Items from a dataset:
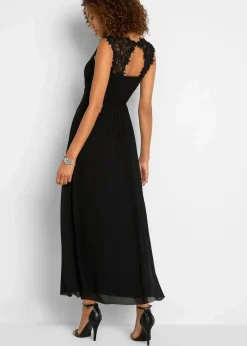 bonprix Kleider|Festliche Mode^Maxikleid mit Spitze puderblau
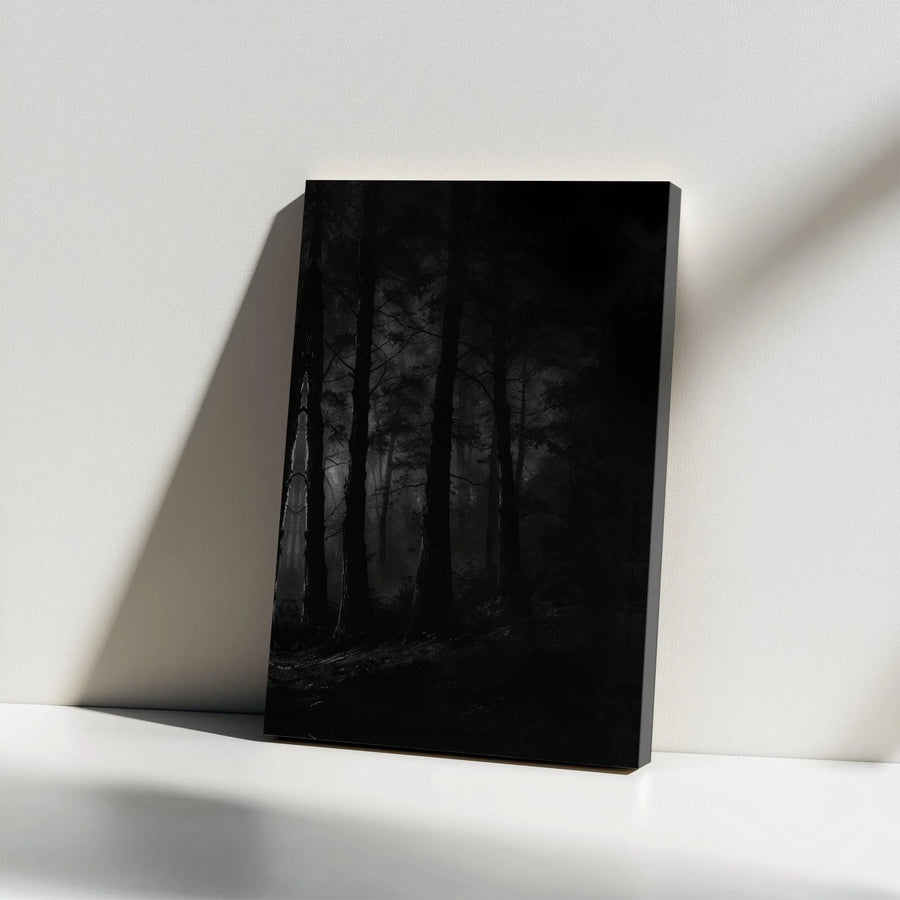 Dark Moody Forest Vertical Canvas | Gothic Misty Black Trees Wall Art | Premium 1.25 Inch Gallery Wrap Print | Mystical Nature Gift for Dark Academia Home Decor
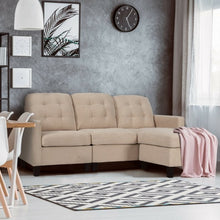 Load image into Gallery viewer, Convertible Sectional L-Shaped Couch with Reversible Chaise-Beige
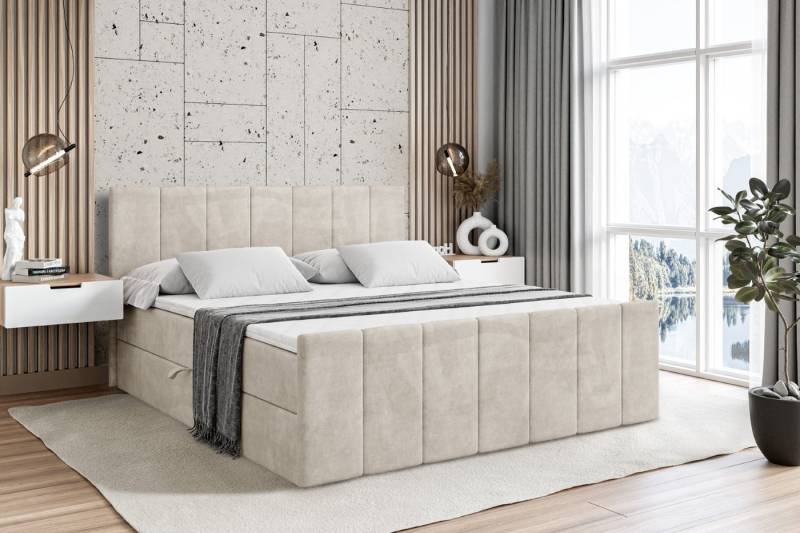 ALTDECOR Boxbett MOETI-Z (Multipocket-Matratze H4, H3 Matratze Bonellfederung, Topper, Kopfteil), Doppelbett mit Fußteil von ALTDECOR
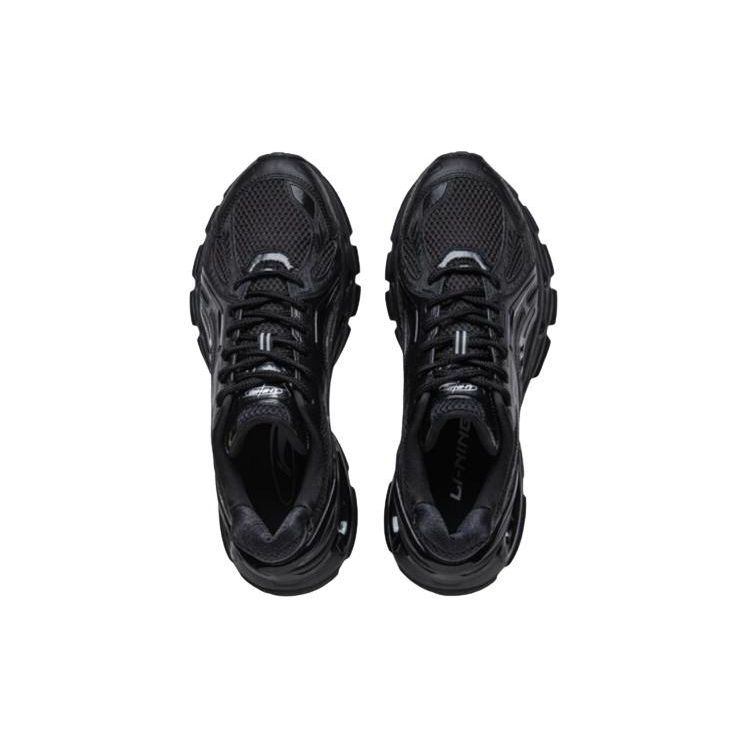 Li Ning Versatile Trendy Comfortable Slip Resistant Durable Low Top Casual Shoes Women Casual Shoes Black AZGU008-4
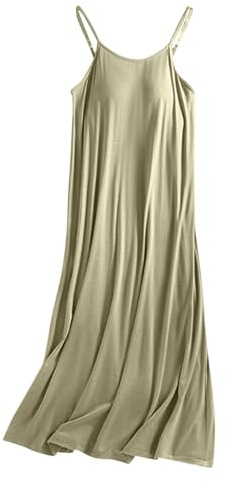 Zanisouta Robe de nuit élégante pour femme - Robe longue avec soutien-gorge intégré - Chemise de nuit sans manches - Col rond - Robe de nuit d'été - Robe de loisirs légère - Séchage rapide, O Vert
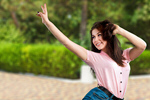 Сlipart happy woman smile park outdoors   BillionPhotos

**PROBLEM TO WORK ON**:
Look above for the line with "Dark Moody Forest" and the line with "ALTDECOR Boxbett MOETI-Z"; set down those two lines and all lines between them exactly, without pictures and without anything else.

**EXERCISE OUTPUT**:
 Dark Moody Forest Vertical Canvas | Gothic Misty Black Trees Wall Art | Premium 1.25 Inch Gallery Wrap Print | Mystical Nature Gift for Dark Academia Home Decor
 Load image into Gallery viewer, Convertible Sectional L-Shaped Couch with Reversible Chaise-Beige
 ALTDECOR Boxbett MOETI-Z (Multipocket-Matratze H4, H3 Matratze Bonellfederung, Topper, Kopfteil), Doppelbett mit Fußteil von ALTDECOR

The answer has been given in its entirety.